The researchers built a user interface centered on an LLM and recruited 38 participants to speak with the chatbot over a two-week period. Each participant’s conversations occurred in the identical context window to capture all interaction data.
Over the two-week period, the researchers collected a median of 90 queries from each user.
They compared the behavior of 5 LLMs with this user context versus the identical LLMs that weren’t given any conversation data.
“We found that context really does fundamentally change how these models operate, and I might wager this phenomenon would extend well beyond sycophancy. And while sycophancy tended to go up, it didn’t at all times increase. It really depends upon the context itself,” says Wilson.
Context clues
For example, when an LLM distills information in regards to the user into a selected profile, it results in the biggest gains in agreement sycophancy. This user profile feature is increasingly being baked into the most recent models.
Additionally they found that random text from synthetic conversations also increased the likelihood some models would agree, although that text contained no user-specific data.
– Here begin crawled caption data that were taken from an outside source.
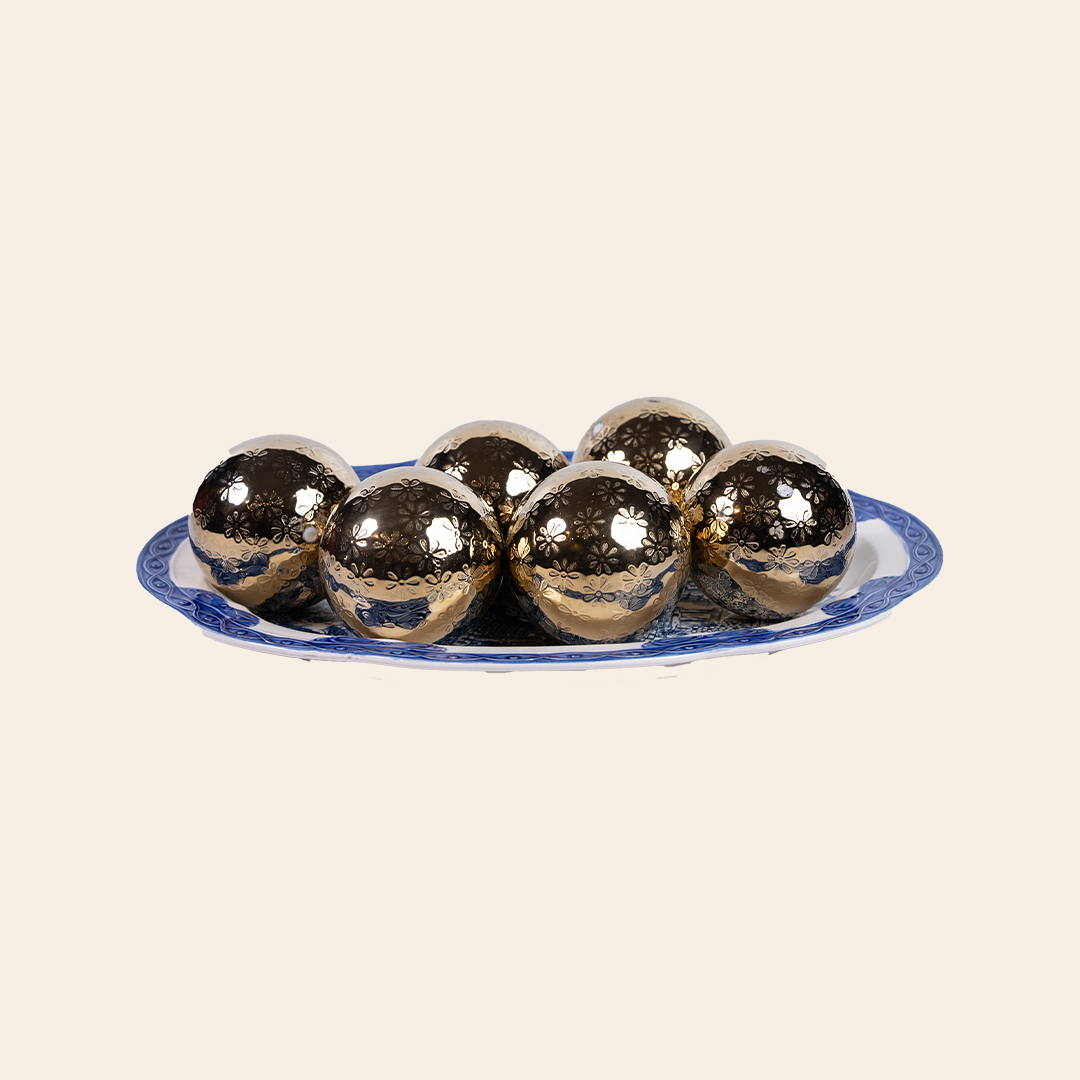 Decorative Ball (Set of 6)
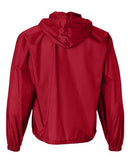 Augusta Sportswear - Packable Half-Zip Hooded Pullover Jacket - 3130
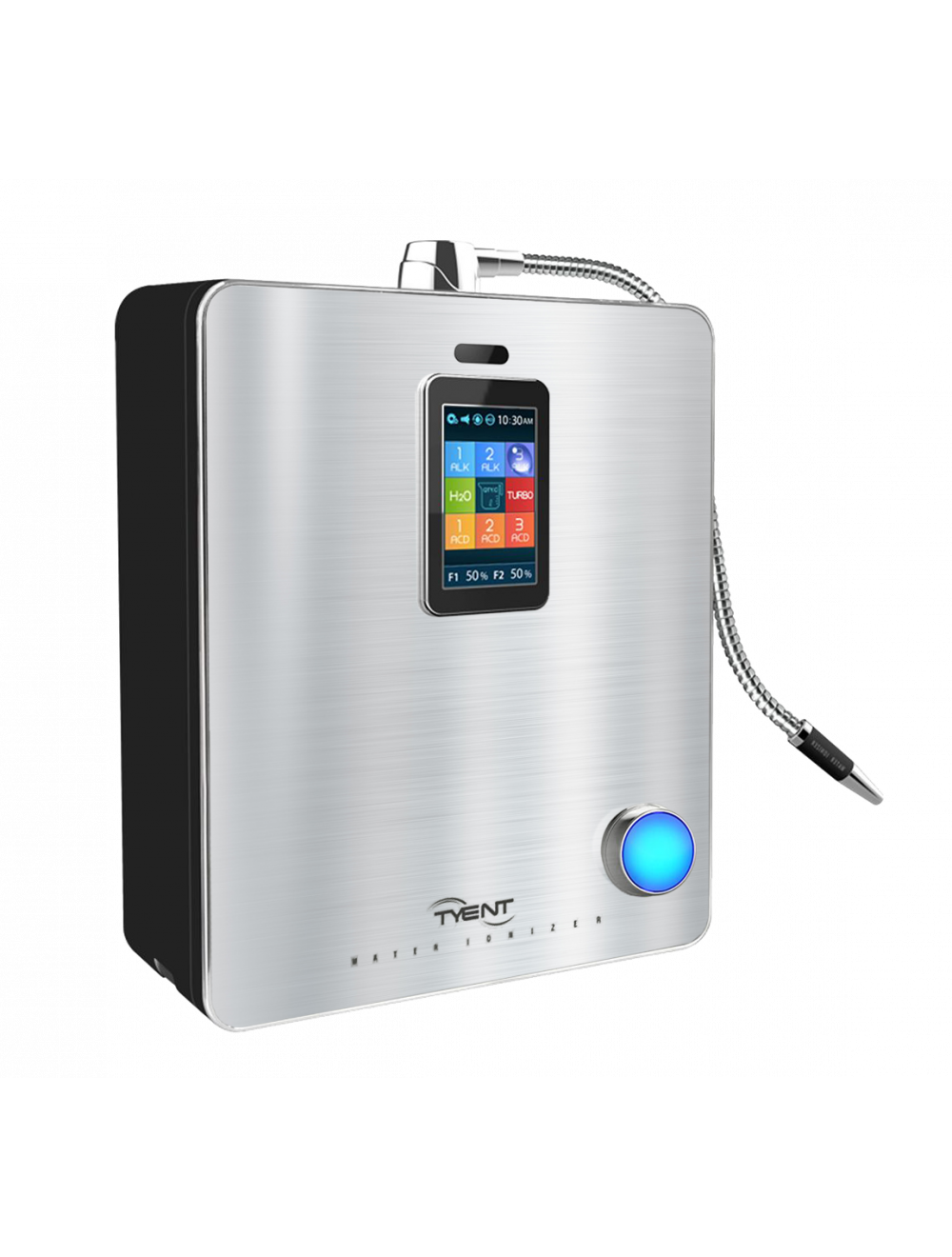 Tyent ACE-13 Turbo Above-Counter Water Ionizer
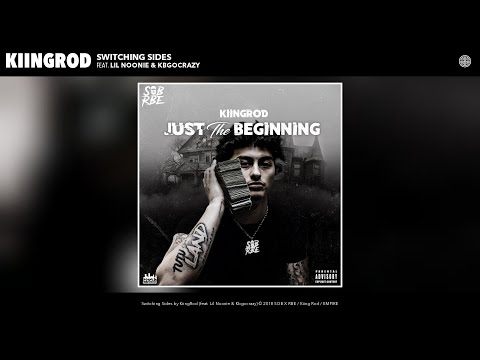 KiingRod - Switching Sides  (Official Audio) (feat. Lil Noonie & Kbgocrazy)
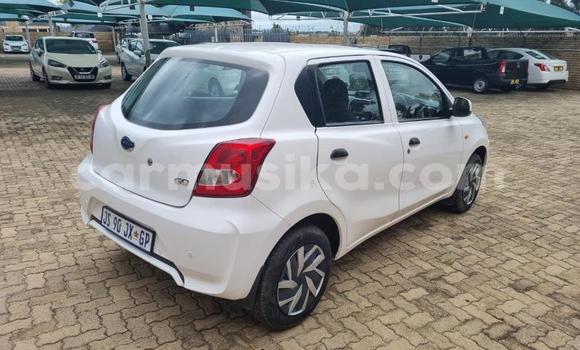 Nunua Ilio tumika Datsun GO Nyeupe Gari ndani ya Beitbridge nchini Matabeleland Kusini Nunua Ilio tumika Datsun GO Nyeupe Gari ndani ya Beitbridge nchini Matabeleland Kusini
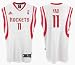 Search : Yao Ming Houston Rockets #11 Swingman Adidas NBA Basketball Jersey (White)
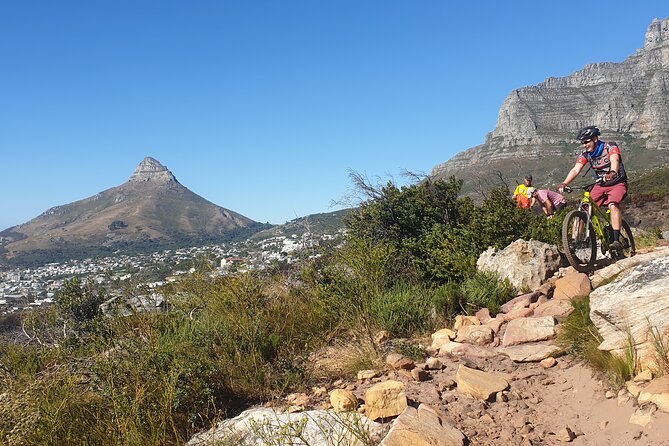 Private E-Bike Cape Town MTB Trails With a Pro - Customer Reviews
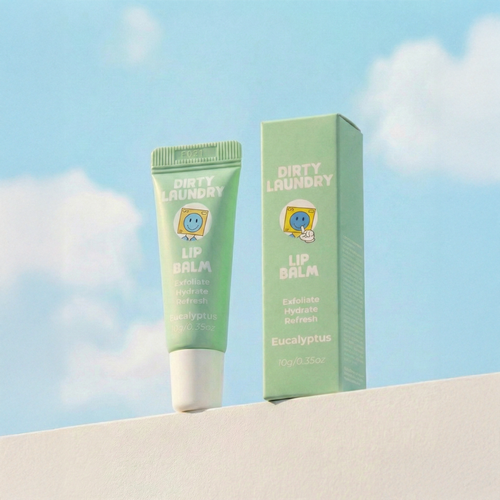 Dirty Laundry Eucalyptus Lip Balm 10g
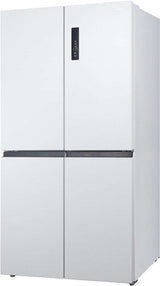 CHiQ 601L Quad Door Refrigerator White CCD598NWS | Greater Sydney Only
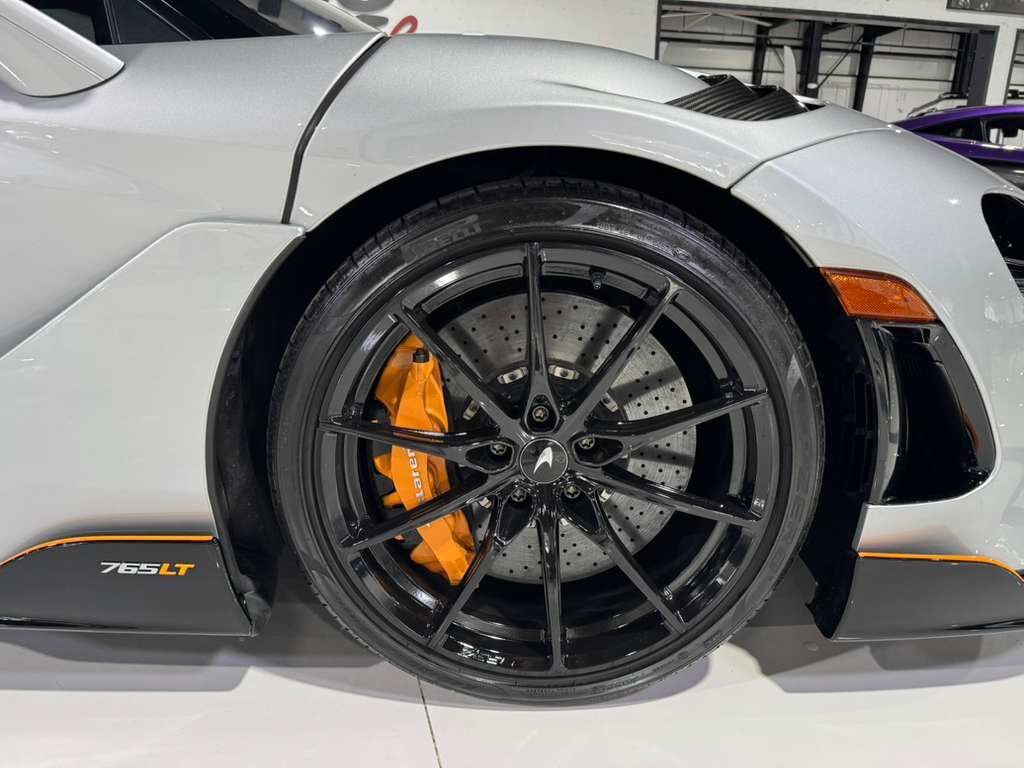 2021 McLaren 765LT Fort Lauderdale FL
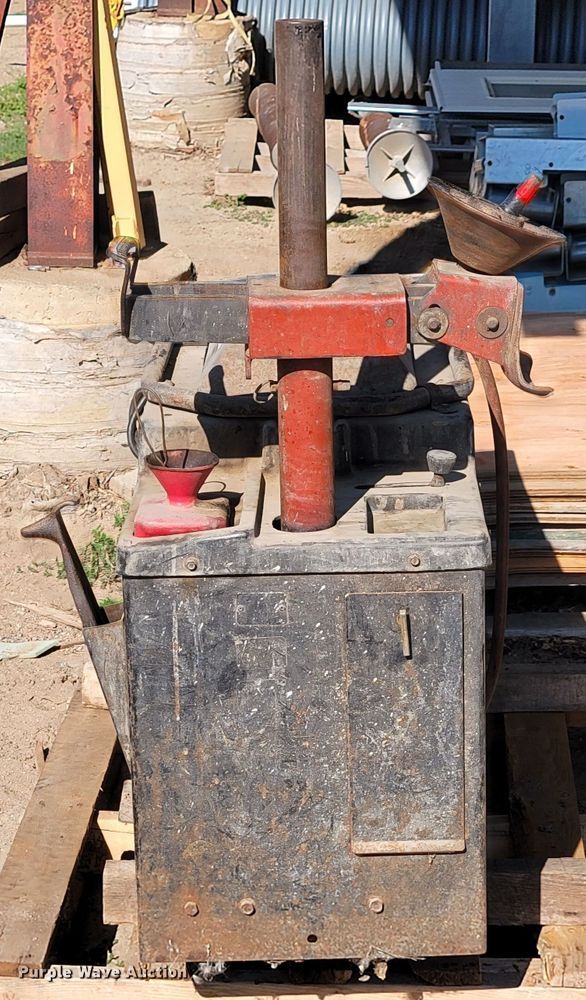 image for item JC9645 Coats 40-40SA  tire machine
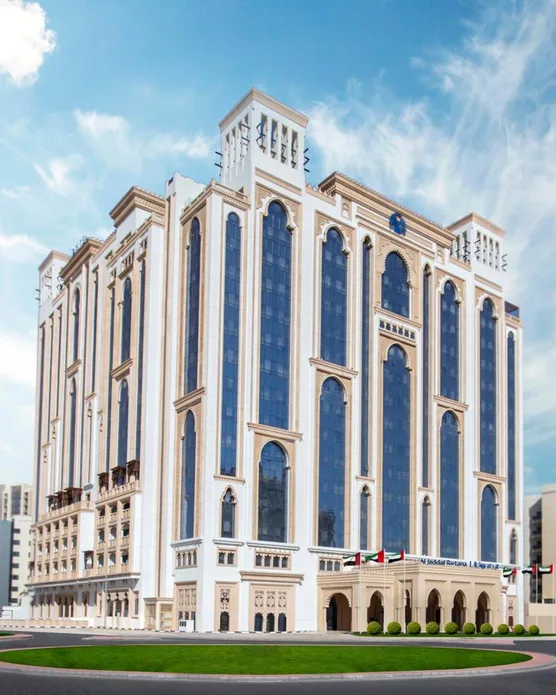 Al Jaddaf Rotana Dubai, photo 1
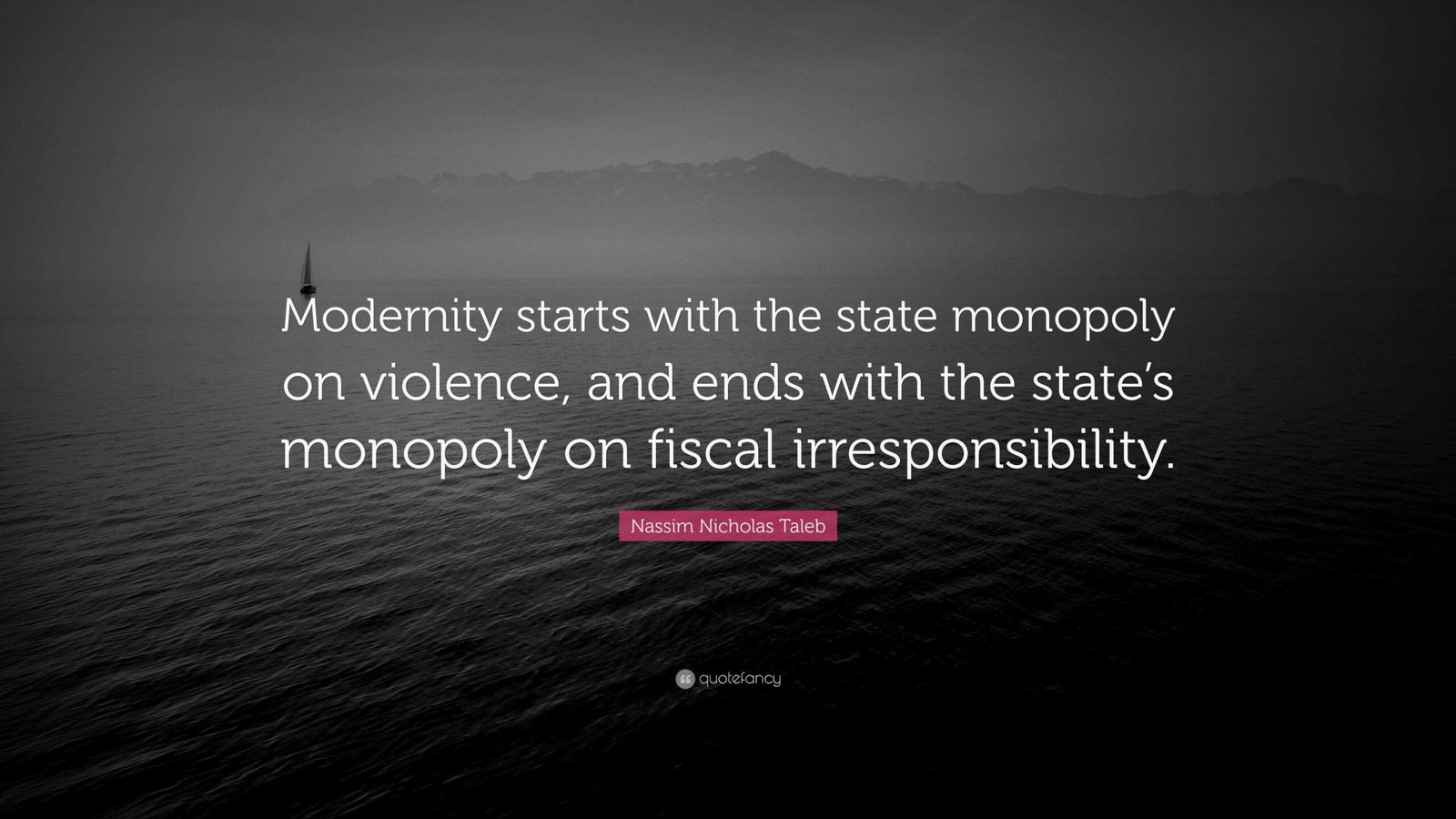 The Crucial Role of State Monopoly on Violence in Upholding Conservative Values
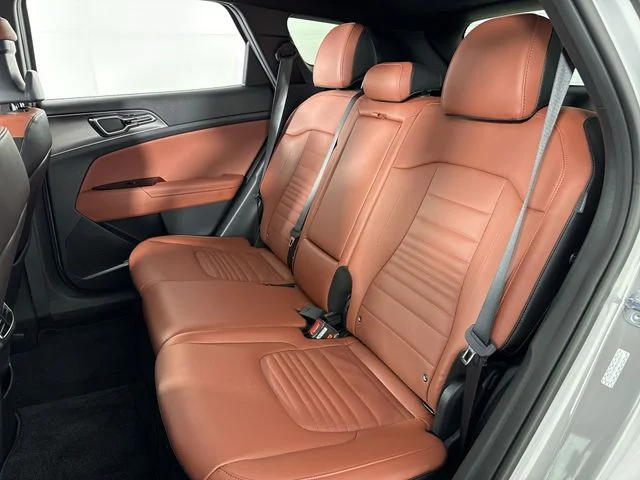 Used 2025 Gray Kia SX-Prestige image 24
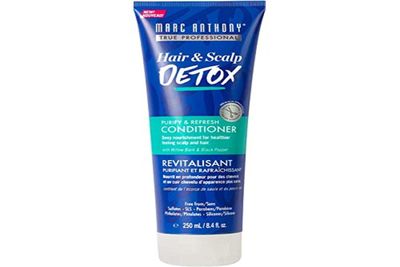Marc Anthony Hair &amp; Scalp Detox Purify &amp; Refresh Conditioner, 8.4 Ounces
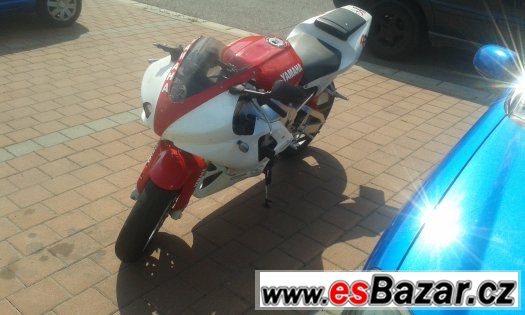Prodam/vymenim yamaha yzf R1 – fotografie 2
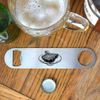 'Steak on a Serving Platter' Bar Blade Bottle Opener (BR00019949)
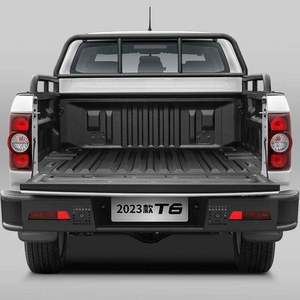Camioneta Pick-Up Jac T8 T9 Hunter 2025 4WD Nueva 4x4 Automática a Diésel y Gasolina 2024 con Volante a la Izquierda - Product Image 6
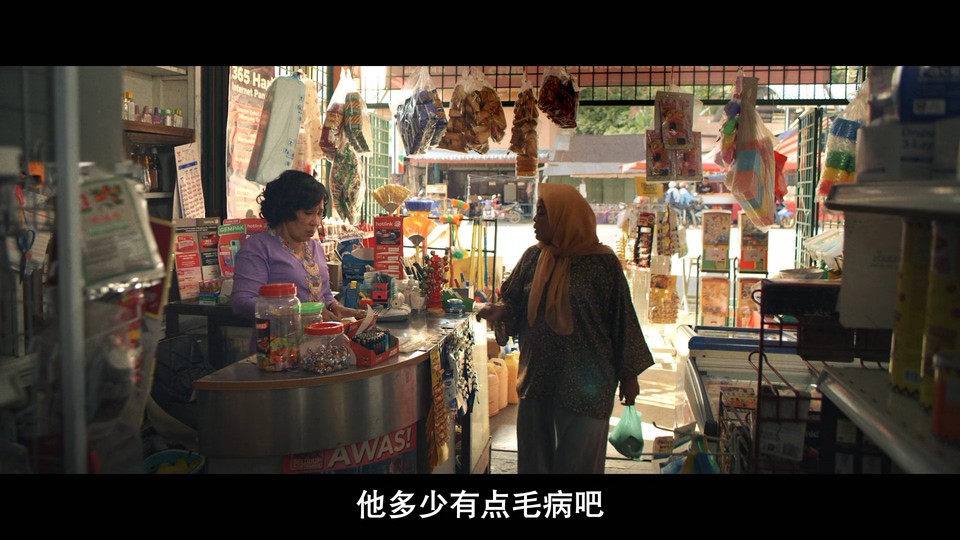 2022犯罪喜剧《三寡妇对抗世界》HD1080P.马来语中字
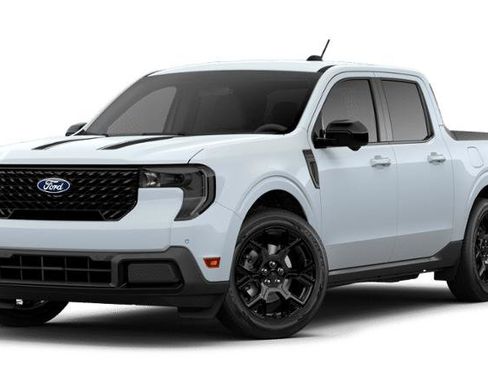 New 2026 Ford Maverick Lariat w/ Black Appearance Package AWD/4WD image 26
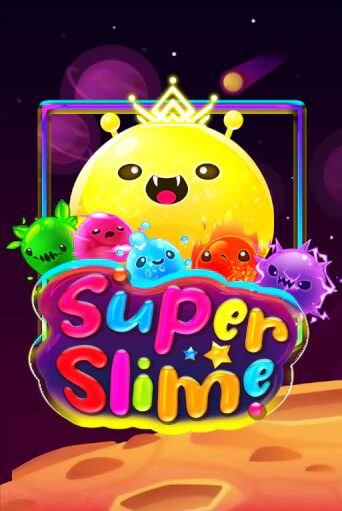 Демо игра Super Slime играть онлайн | Casino X Online бесплатно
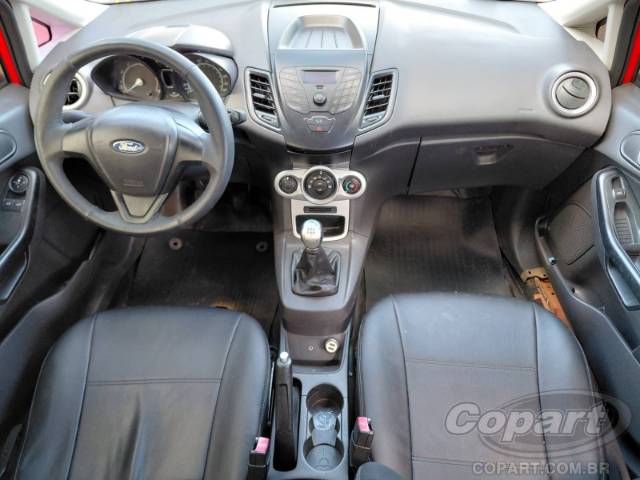 2014 FORD FIESTA 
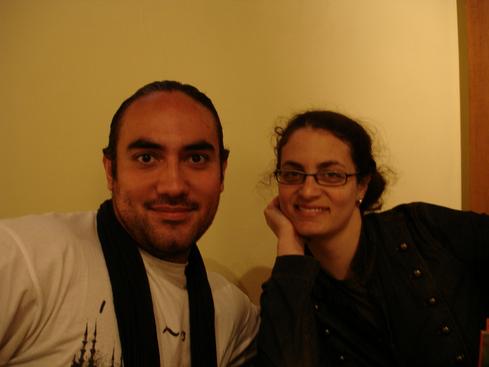 Yo y Noa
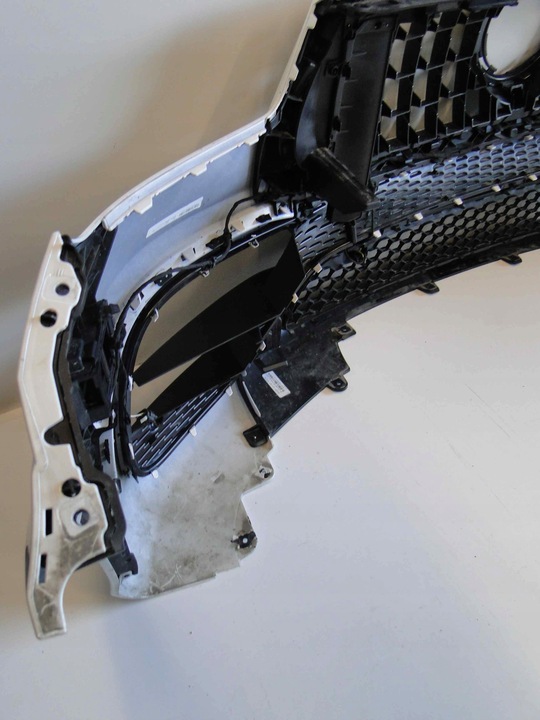 фото №13, Mercedes решётка радиатора решётка panamericana 63 amg gle c167 167 купе передний рестайлинг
This implies the length of a conversation may sometimes impact sycophancy greater than content, Jain adds.
But content matters greatly on the subject of perspective sycophancy. Conversation context only increased perspective sycophancy if it revealed some details about a user’s political perspective.
To acquire this insight, the researchers fastidiously queried models to infer a user’s beliefs then asked each individual if the model’s deductions were correct. Users said LLMs accurately understood their political beliefs about half the time.
“It is simple to say, in hindsight, that AI firms needs to be doing this type of evaluation. Nevertheless it is tough and it takes a variety of time and investment. Using humans within the evaluation loop is pricey, but we’ve shown that it could possibly reveal recent insights,” Jain says.
While the aim of their research was not mitigation, the researchers developed some recommendations.
For example, to scale back sycophancy one could design models that higher discover relevant details in context and memory. As well as, models may be built to detect mirroring behaviors and flag responses with excessive agreement. Model developers could also give users the power to moderate personalization in long conversations.
“There are a lot of ways to personalize models without making them overly agreeable. The boundary between personalization and sycophancy shouldn’t be a high-quality line, but separating personalization from sycophancy is a crucial area of future work,” Jain says.
“At the top of the day, we’d like higher ways of capturing the dynamics and complexity of what goes on during long conversations with LLMs, and the way things can misalign during that long-term process,” Wilson adds.